Kaizen: Practical Self-supervised Continual Learning with Continual Fine-tuning
Chi Ian Tang, Lorena Qendro, Dimitris Spathis, Fahim Kawsar, Cecilia Mascolo, Akhil Mathur
TL;DR
Kaizen addresses the practical challenge of continual learning with self-supervised representations by jointly training feature extractors and classifiers across a stream of unlabeled and labeled data. It introduces a four-term loss that combines knowledge distillation for both components with current-task self-supervised and supervised learning, augmented by memory replay. Across CIFAR-100 and ImageNet-100 benchmarks and multiple SSL backbones, Kaizen significantly improves continual and final accuracy while reducing forgetting, demonstrating robust performance over time and under longer task sequences.
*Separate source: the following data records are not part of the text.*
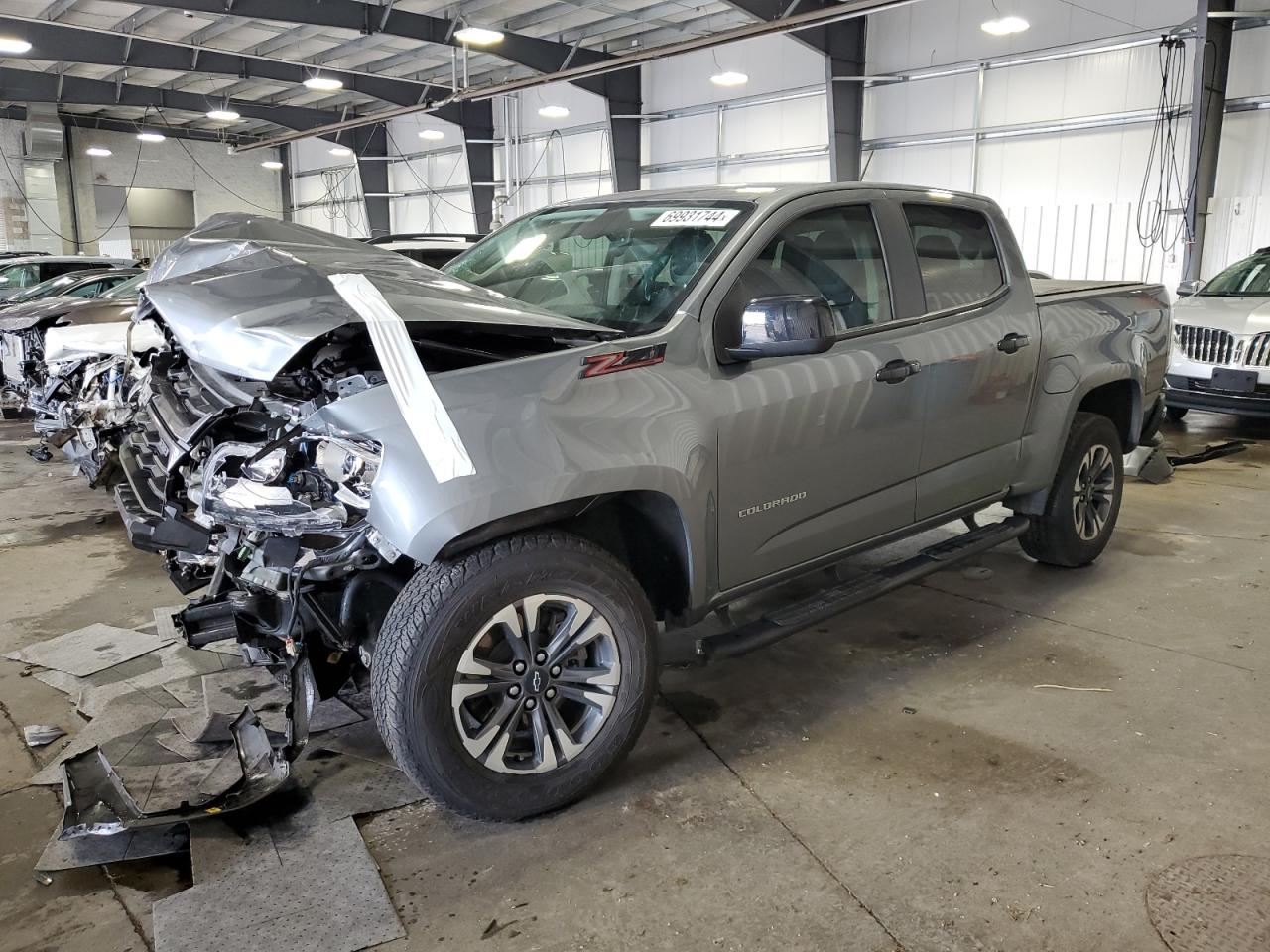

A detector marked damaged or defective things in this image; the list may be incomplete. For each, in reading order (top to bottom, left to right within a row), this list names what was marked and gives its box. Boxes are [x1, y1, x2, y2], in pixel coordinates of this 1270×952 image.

damaged vehicle nearby [1, 274, 163, 484]
broken headlight assembly [200, 432, 381, 536]
crushed hood [147, 214, 611, 381]
damaged vehicle nearby [84, 187, 1167, 833]
damaged chevrolet colorado [91, 187, 1175, 825]
crushed hood [1175, 294, 1270, 339]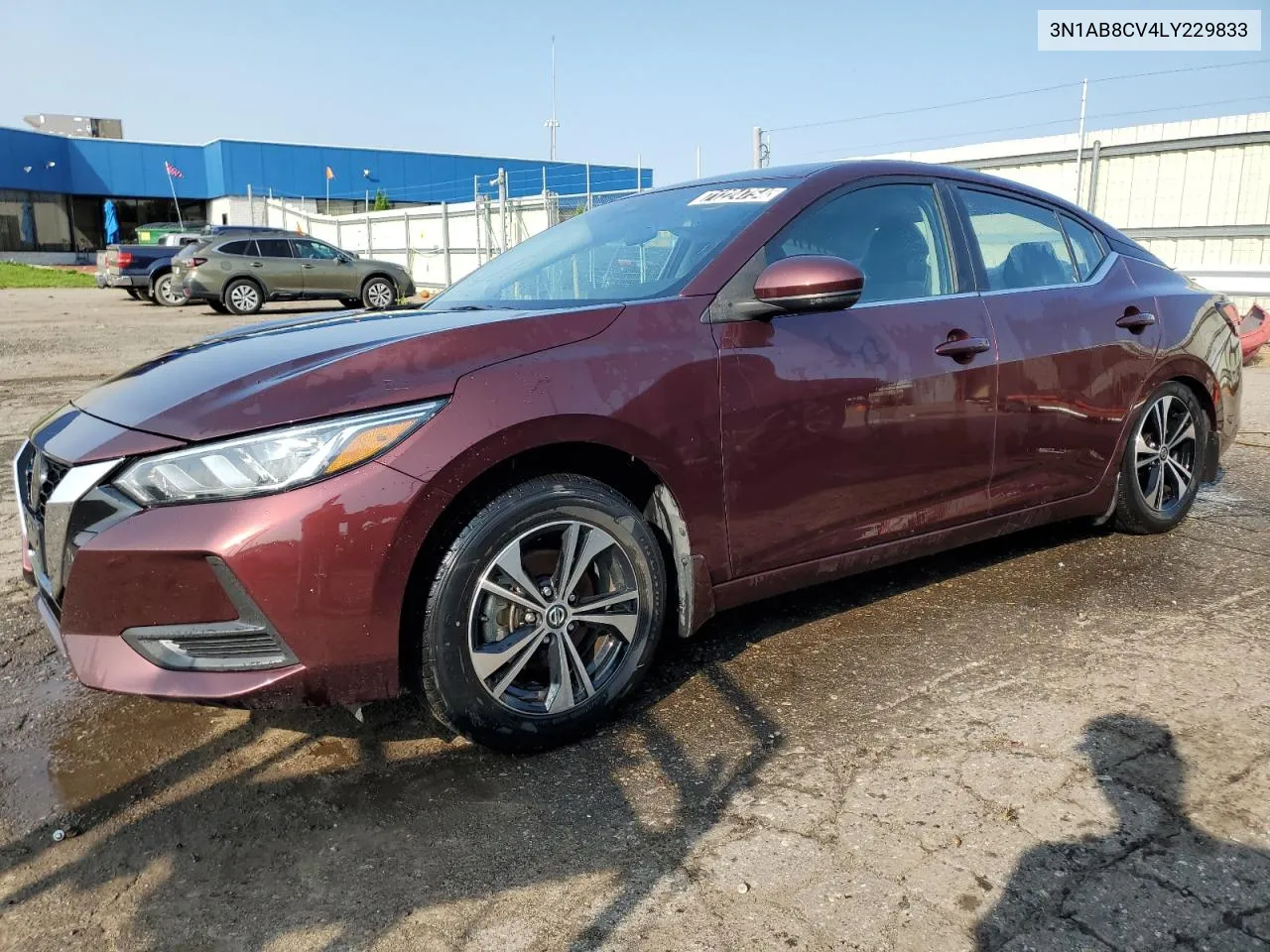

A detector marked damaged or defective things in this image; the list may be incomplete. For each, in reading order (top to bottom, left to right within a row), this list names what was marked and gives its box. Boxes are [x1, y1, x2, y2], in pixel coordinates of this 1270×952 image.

cracked asphalt [2, 290, 1270, 952]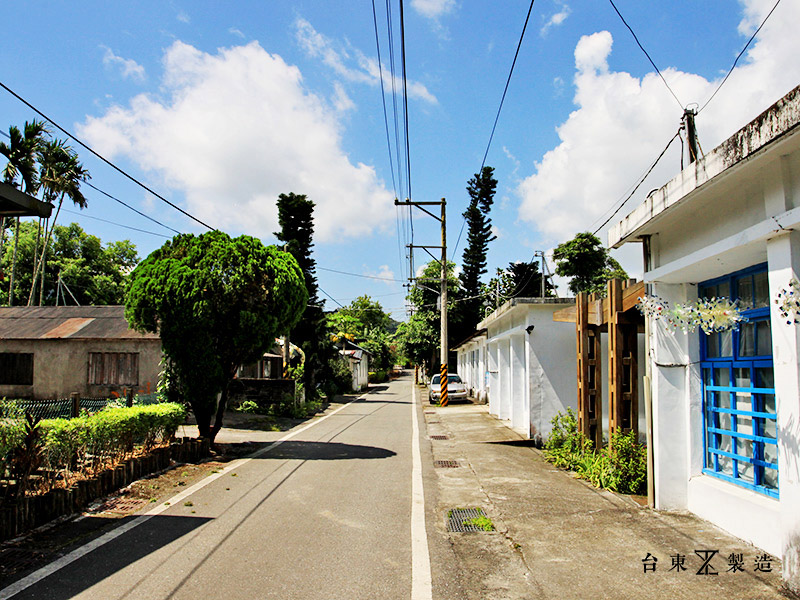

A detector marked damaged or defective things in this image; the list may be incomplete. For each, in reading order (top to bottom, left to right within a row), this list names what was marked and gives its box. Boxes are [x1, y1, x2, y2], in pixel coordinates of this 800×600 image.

rusty corrugated roof [0, 308, 161, 340]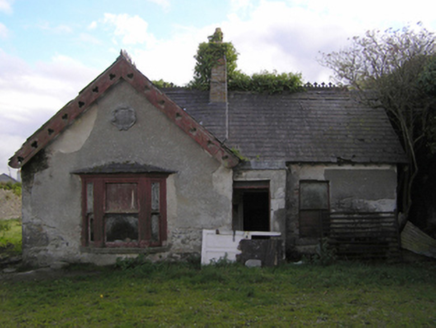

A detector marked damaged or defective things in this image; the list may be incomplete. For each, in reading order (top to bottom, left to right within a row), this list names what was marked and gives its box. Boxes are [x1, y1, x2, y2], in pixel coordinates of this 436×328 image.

broken window pane [105, 182, 137, 213]
broken window pane [105, 214, 138, 242]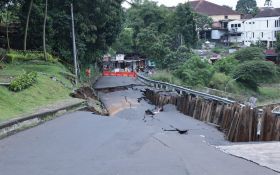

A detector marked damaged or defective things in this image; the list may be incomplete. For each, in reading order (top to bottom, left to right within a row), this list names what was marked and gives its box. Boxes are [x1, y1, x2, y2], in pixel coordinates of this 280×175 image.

landslide damage [70, 86, 109, 116]
damaged asphalt [0, 77, 278, 175]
The framework offers flexible deployment, balancing knowledge retention with the ability to learn from new data, and demonstrates practical potential for real-world continual learning systems.
Abstract
Self-supervised learning (SSL) has shown remarkable performance in computer vision tasks when trained offline. However, in a Continual Learning (CL) scenario where new data is introduced progressively, models still suffer from catastrophic forgetting. Retraining a model from scratch to adapt to newly generated data is time-consuming and inefficient. Previous approaches suggested re-purposing self-supervised objectives with knowledge distillation to mitigate forgetting across tasks, assuming that labels from all tasks are available during fine-tuning. In this paper, we generalize self-supervised continual learning in a practical setting where available labels can be leveraged in any step of the SSL process. With an increasing number of continual tasks, this offers more flexibility in the pre-training and fine-tuning phases. With Kaizen, we introduce a training architecture that is able to mitigate catastrophic forgetting for both the feature extractor and classifier with a carefully designed loss function. By using a set of comprehensive evaluation metrics reflecting different aspects of continual learning, we demonstrated that Kaizen significantly outperforms previous SSL models in competitive vision benchmarks, with up to 16.5% accuracy improvement on split CIFAR-100. Kaizen is able to balance the trade-off between knowledge retention and learning from new data with an end-to-end model, paving the way for practical deployment of continual learning systems.